This paper asserts that photography in ethnographic study could be enriched by digital technologies to become both multisensory and interactive. New fieldwork techniques are proposed that allow for the creation of vivid, emplaced and individualised sensory experiences. These ethnographic artefacts facilitate an in-depth analysis of the relationship between the multisensoriality of experience, the sentient body and cultural phenomena. The theoretical framework for this paper is based upon the synthesis of three disciplines; sensory ethnography, cross-modal perception and environmental psychology. The fieldwork techniques incorporate panoramic photography, interactive authoring and binaural audio recording.
Building upon the foundational work of Sarah Pink and appropriating James J. Gibson’s belief that “The single, frozen field of view provides only impoverished information about the world” (1986), the resulting artefacts are navigable multisensory environments. These artefacts offer greater proximity to the subject of study (Schneider, 2008), "bring forth qualities of the material world that would otherwise be left behind in conventional forms of inscription" (Witmore, 2004) and create “a repeatable event for study purposes” (Schafer, 1973).

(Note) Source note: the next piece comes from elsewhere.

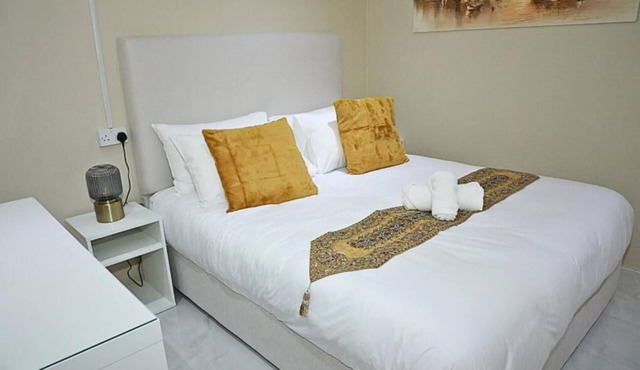 Luxury Premium Desert Camp Deluxe Room in Al Awir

These new fieldwork techniques are currently being implemented in an ethnographic study of Temple Works, a Grade I listed building in the south of Leeds. Originally constructed as a flax mill and once featuring the largest single room in the world, the building is now a cultural venue supporting a diverse community of artists, performers and musicians.
This was my first ever conference paper and, I have to say, I was rather nervous! I knew I could deliver a clear and concise talk but, having never presented the Experience Temple Works project to an academic audience before, I was concerned that any number of my arguments might be challenged. The fact that my paper could be considered somewhat polemical, challenging the longstanding dominance of vision in ethnographic practice, and that I was approaching the subject from outside the discipline of anthropology did not help my nerves.
However, the presentation was actually a great success. The majority of questions from the attendees were in relation to my paper and, although some of my arguments were interrogated, it was clear that the response was overwhelmingly positive.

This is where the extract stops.